:: Information given
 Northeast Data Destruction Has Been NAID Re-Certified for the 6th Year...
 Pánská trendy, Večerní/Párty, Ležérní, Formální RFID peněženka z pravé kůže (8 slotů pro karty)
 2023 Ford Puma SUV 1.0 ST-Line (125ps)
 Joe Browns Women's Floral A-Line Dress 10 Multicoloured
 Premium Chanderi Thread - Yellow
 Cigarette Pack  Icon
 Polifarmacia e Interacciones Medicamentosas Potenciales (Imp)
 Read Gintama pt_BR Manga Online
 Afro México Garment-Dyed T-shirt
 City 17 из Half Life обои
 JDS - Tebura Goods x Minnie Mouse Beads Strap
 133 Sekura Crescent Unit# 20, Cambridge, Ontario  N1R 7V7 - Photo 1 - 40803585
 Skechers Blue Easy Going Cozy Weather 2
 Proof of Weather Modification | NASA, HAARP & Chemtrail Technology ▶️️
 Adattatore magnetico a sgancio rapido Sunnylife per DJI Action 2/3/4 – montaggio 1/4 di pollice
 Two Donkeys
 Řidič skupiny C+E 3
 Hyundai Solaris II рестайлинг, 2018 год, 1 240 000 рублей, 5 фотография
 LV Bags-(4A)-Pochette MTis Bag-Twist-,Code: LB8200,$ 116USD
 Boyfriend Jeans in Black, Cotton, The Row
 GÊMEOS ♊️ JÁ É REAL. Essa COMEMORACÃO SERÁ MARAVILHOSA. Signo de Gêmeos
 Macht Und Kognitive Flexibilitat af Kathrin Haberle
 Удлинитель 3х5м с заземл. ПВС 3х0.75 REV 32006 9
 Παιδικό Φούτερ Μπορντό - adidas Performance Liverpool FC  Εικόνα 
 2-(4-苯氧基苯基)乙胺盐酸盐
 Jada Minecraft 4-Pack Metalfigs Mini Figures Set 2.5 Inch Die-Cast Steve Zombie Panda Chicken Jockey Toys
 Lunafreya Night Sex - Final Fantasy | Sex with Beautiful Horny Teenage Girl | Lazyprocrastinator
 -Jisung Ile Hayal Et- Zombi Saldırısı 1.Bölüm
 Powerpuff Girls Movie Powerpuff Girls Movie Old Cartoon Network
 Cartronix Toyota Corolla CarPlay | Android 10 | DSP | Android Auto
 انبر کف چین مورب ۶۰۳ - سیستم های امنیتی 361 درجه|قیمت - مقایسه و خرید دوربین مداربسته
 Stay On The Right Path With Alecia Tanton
::::
- Exercise requirements -
From the material above, copy exactly the lines between the line holding "Boyfriend Jeans in Black, Cotton, The Row" and the line holding "Удлинитель 3х5м с", inclusive, and only those.

- Task solution -
 Boyfriend Jeans in Black, Cotton, The Row
 GÊMEOS ♊️ JÁ É REAL. Essa COMEMORACÃO SERÁ MARAVILHOSA. Signo de Gêmeos
 Macht Und Kognitive Flexibilitat af Kathrin Haberle
 Удлинитель 3х5м с заземл. ПВС 3х0.75 REV 32006 9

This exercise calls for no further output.